Jarosław Kaczyński w Tarnowie o katastrofie smoleńskiej: "To był zamach!"
- Potrafił przewidzieć to, co będzie się działo w Europie i co będzie się działo wokół Polski, co dziś dzieje się na Ukrainie. Te słowa myślę wszyscy znają. I może właśnie te słowa wywołują taką furię, bo wywoływały. Ktoś tutaj pytał, czy to była katastrofa, czy zamach - to był zamach! To była zbrodnia tych samych, którzy dzisiaj mordują na Ukrainie. I dlatego dziękuję serdecznie tym wszystkim, którzy przyczynili się do stworzenia tego pomnika. I wierzę, że powstaną kolejne - kontynuował w tarnowskim przemówieniu Jarosław Kaczyński.
W Tarnowie odsłonięto pomnik prezydenta Lecha Kaczyńskiego, 18.06.2022
Pomnik Lecha Kaczyńskiego w Tarnowie powstał z inicjatywy społecznego komitetu. Ale na uroczystości jego odsłonięcia zabrakło prezydenta miasta Romana Ciepieli. Według niego, inicjatorzy obelisku postawili go niezgodnie z prawem, a pomnik zaburzy panoramę na zabytkowy, odrestaurowany dworzec.

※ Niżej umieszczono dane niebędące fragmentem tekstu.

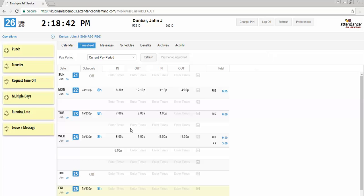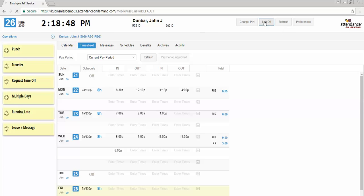Once you are done viewing any of the information you would like to see in this screen or recording your punch, you will hit the log off key.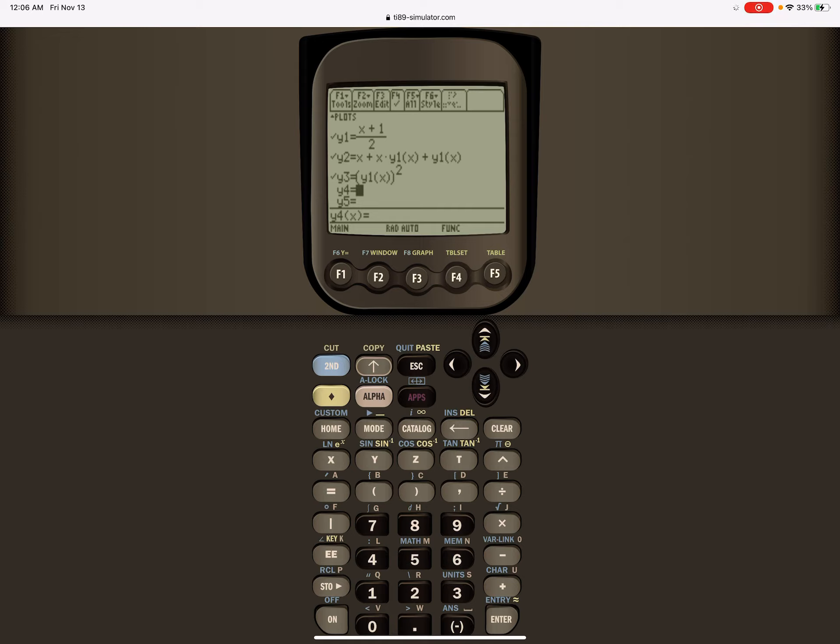But I'm using function notation, that means y1(x) - go grab what I wrote in y1(x) and substitute in here. Is that what it means? Plus y1(x), so it was x plus xy plus y.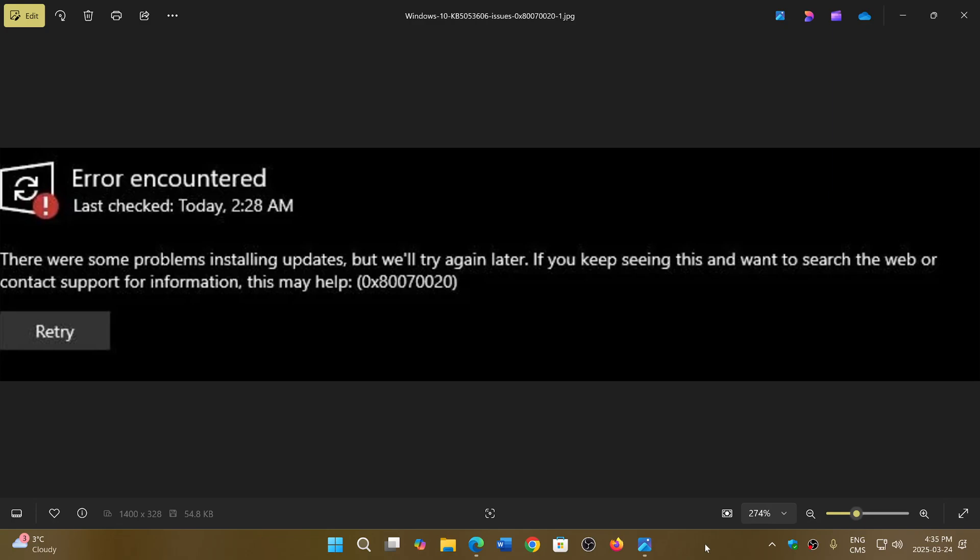Welcome to the Windows Computer and Technology channel. More and more people are reporting issues with the Windows 10 Patch Tuesday updates for March 2025. The updates were pushed on March 11th as the Patch Tuesday security updates, and this is the common error that a lot of people have seen.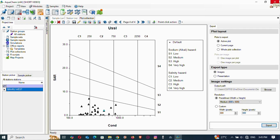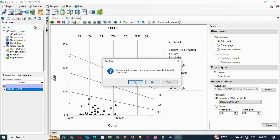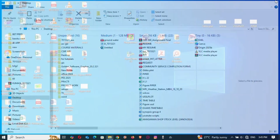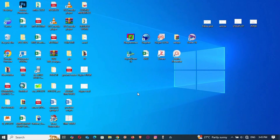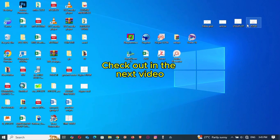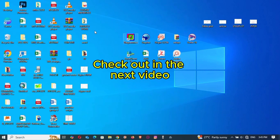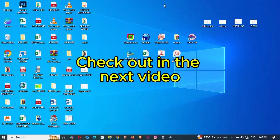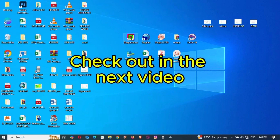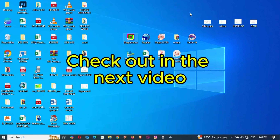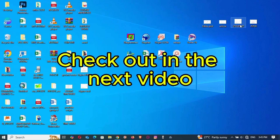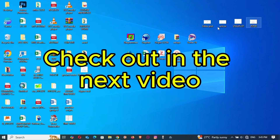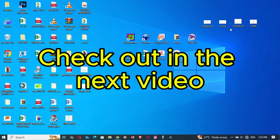Let's close this — no need to save. Now let's look at how to use the Diagrams software to plot these as well. We're going to look at how to use Diagrams to plot Wilcox, USSL, and Piper.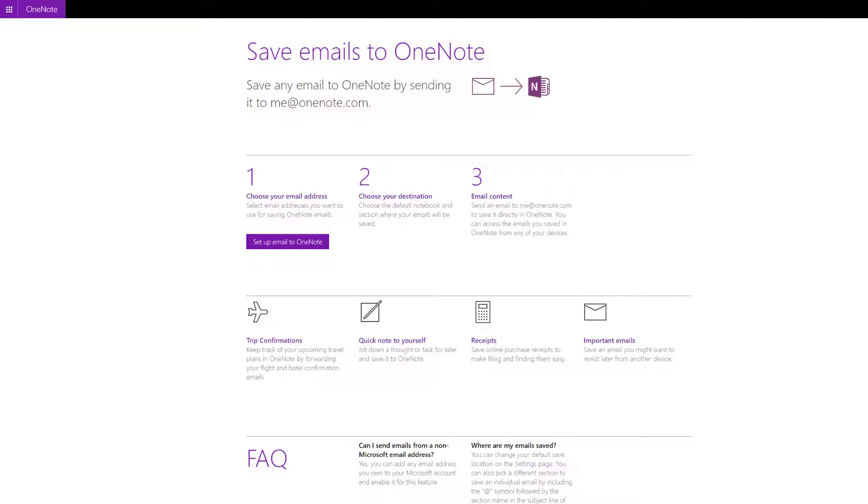Hi everyone, in today's video I'll teach you how you can save your emails to OneNote so you can later reference them or add them to your GTD system, your getting things done system, if you have one.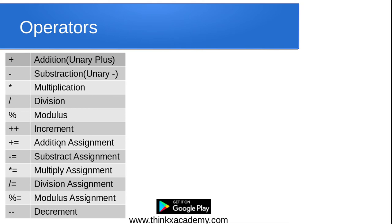Next are the addition assignment, subtract assignment, multiplication assignment, division assignment, and modulus assignment operators. For example, if we have a variable x and write x plus equals 10, this is the same as x equals x plus 10 — you are adding a value to the variable and assigning it back. Similarly, in subtraction, you subtract the value from the variable and assign the result back. We will see examples of these in the Eclipse IDE.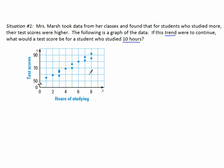Looking at this data, we see that on the x-axis we have the hours of studying, and on the y-axis we have the student's test scores. For example, a student who studied 2 hours got approximately a 60 on their test. Notice on the y-axis it goes 50, 60, 70, 80, 90. There's a little zigzag lightning bolt, telling us that there's a bunch of the y-axis that we've cut out — we didn't have any test scores between 0 and 50.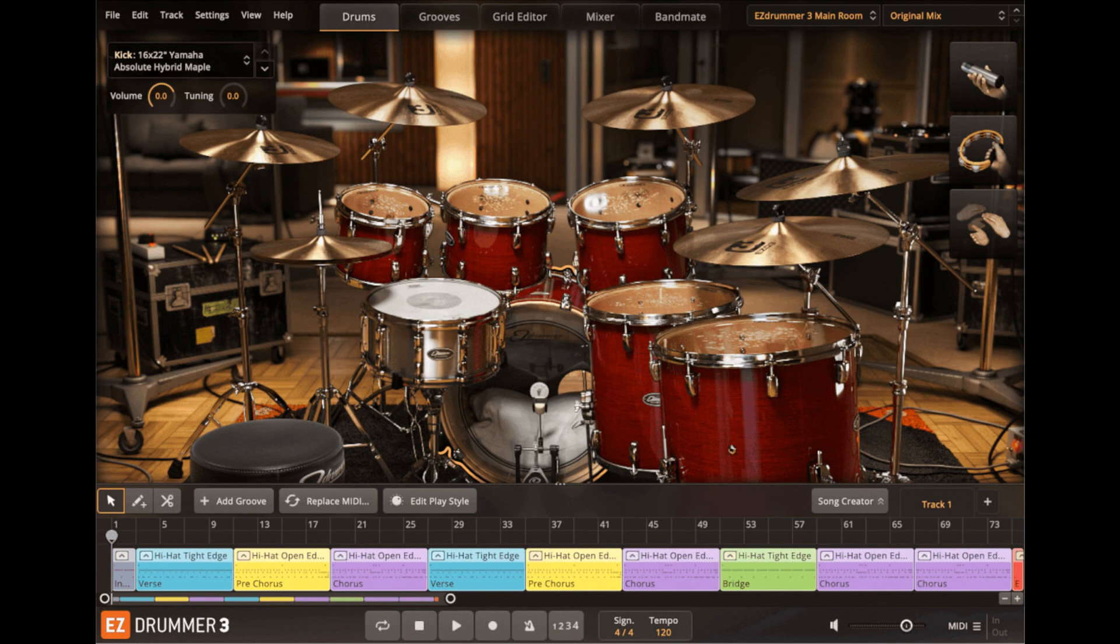TuneTrack announces Easy Drummer 3. Welcome to Music Gears, where we bring you the latest info on new music instruments, software, and other gear from around the world.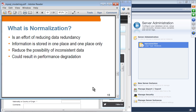Normalization is an effort to reduce data redundancy, so information is stored in one place and one place only. It is basically used to reduce the possibility of inconsistent data. However, it could result in performance degradation because you have to deal with multiple tables.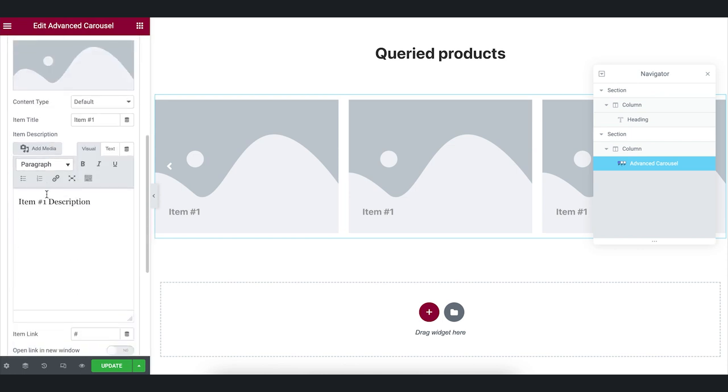We will use dynamic text to output the product's data. The main idea of using them and JetEngine Query itself is to display the data dynamically. It means if we add a new product, it will appear in the carousel automatically. Same thing if we remove a product or change its description or any other field.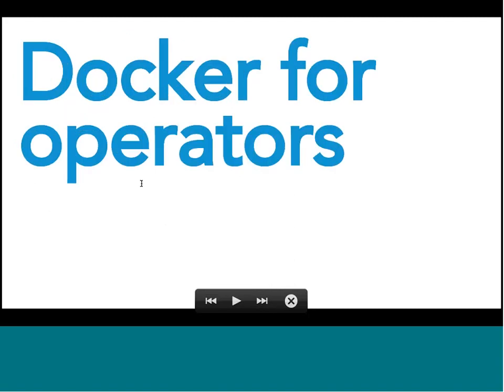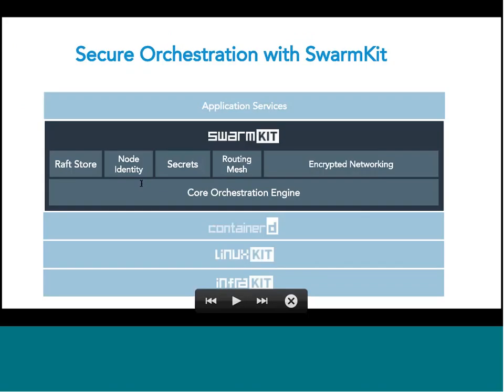We talked about Docker for developers. The second part of the keynote was dedicated to Docker for operators. Once your developers have created their app and it's ready to ship, you need to ship it. One very important aspect for production infrastructure is secure orchestration. Diogo Monica came on stage and explained how Swarm and SwarmKit that powers orchestration within Docker really enables secure orchestration — you need many different parts to be secure for the whole application to be secure.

- Nie było zgody rady miejskiej w Tarnowie na postawienie tego pomnika, a to ona ma wyłączne uprawnienie w tym zakresie, stanowi o tym ustawa o samorządzie gminnym. Póki co żyjemy w państwie prawa i prawo powinno obowiązywać wszystkich. Uważam, że prokuratura powinna zainteresować się sprawą z własnej inicjatywy, ponieważ w tym przypadku nie został dotrzymany tryb administracyjny - uważa prezydent Tarnowa Roman Ciepiela.
Formalnie teren, na którym stanął pomnik Lech Kaczyńskiego należy do Skarbu Państwa, a władze PKP wydzierżawiły go komitetowi budowy. Lokalizację uzgodniono m.in. z Małopolskim Wojewódzkim Konserwatorem Zabytków jeszcze, gdy stanowisko to pełniła Monika Bogdanowska. - Nie było podstaw formalnych, żeby nie wyrażać zgody - uważa dziś.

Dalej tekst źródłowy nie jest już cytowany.